Stefan's Tools

Useful open source tools that make your life easier

Regular expression help and examples for grepWin

grepWin uses the boost regex engine to do its work, with the Perl Regular Expression Syntax.

Introduction

I'll only explain the very basics on how to use regular expressions and some special variables you can use in grepWin that aren't part of the official regular expression syntax.
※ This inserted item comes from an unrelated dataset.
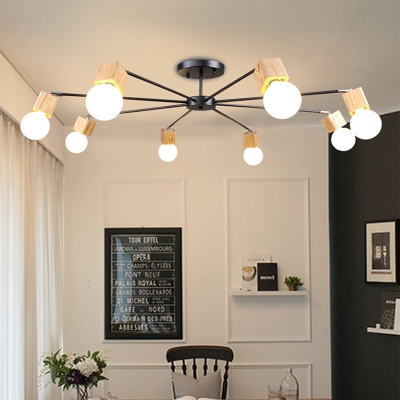 3/5/8 Lights Branch Chandelier Light Modern Metallic Hanging Light in Wood for Living Room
For a much more detailed tutorial on regular expressions, please go to this site - it also explains a lot on how regex engines work internally.

search basics

. (dot)
a dot matches any character. Searching for t.t will match tat as well as tut.
+
matches the previous expression one or more times, but at least once. Searching for spel+ing will find all words like speling or spelling but not speing since the l must be matched at least once.
*
matches the previous expression zero or more times. Searching for spel*ing will find all words like speling or spelling and also speing since the l can be matched zero times, which means it doesn't have to be there.
\
the backslash escapes special characters that would otherwise be treated specially. Searching for a double dot in your text with .. would not work since the dot matches any character. To search for a double dot you have to escape the dot chars like this: \.\..
\Q..\E
in case you need to search for a literal string that has a lot of special characters in it, you can use the \Q..\E sequence. Searching for *.* would match everything unless you escape every single char like this: \*\.\*. For such search strings it's easier to just put them inside the \Q..\E sequence like this: \Q*.*\E.
[]
With square brackets you can specify so called character classes. Such a class matches all chars that are specified between the brackets. Searching for [-+0-9]+ will find any string that contains the chars '-', '+' and all chars between 0 and 9, but no other chars. It will match -123, +123 or 123, but not testword. There are a few default character classes defined so you don't have to create one yourself. You can find a list of those classes here. The most used ones are \d which matches all digits, \w which matches all word chars and \s which matches all whitespace chars.
^, $
the caret matches the beginning of a line, and the string char $ matches the end of a line. Searching for ^title$ will only find lines that only consist of the word title, but no places where the word title is inside a line. Searching for ^// will find all lines that start with two slashes, but not lines where two slashes are not at the very beginning of a line. Searching for goodbye\.$ will find lines that end with goodbye., but not if goodbye. is somewhere inside a line.
\b
\b matches word boundaries. Searching for \bword\b finds word, but not subwords or words.
()
parenthesis pairs define a group. Grouping is useful for more advanced regex searching, but also for use when replacing text. Each group that matches part of the full matching string can be referenced later in the replace string.
|
The | char is used as an OR operator. Searching for cat|dog will match either cat or dog. Note that the OR operator uses everything left and right of the operator. If you want to limit the reach of the operator, you have to use brackets to group them. Searching for (cat|dog)food finds catfood and dogfood.

replacing

replacing strings is not more complicated than searching. Whatever the search finds is replaced with the replace string. Searching for cat and replacing it with dog is the most basic example and works just like you'd expect.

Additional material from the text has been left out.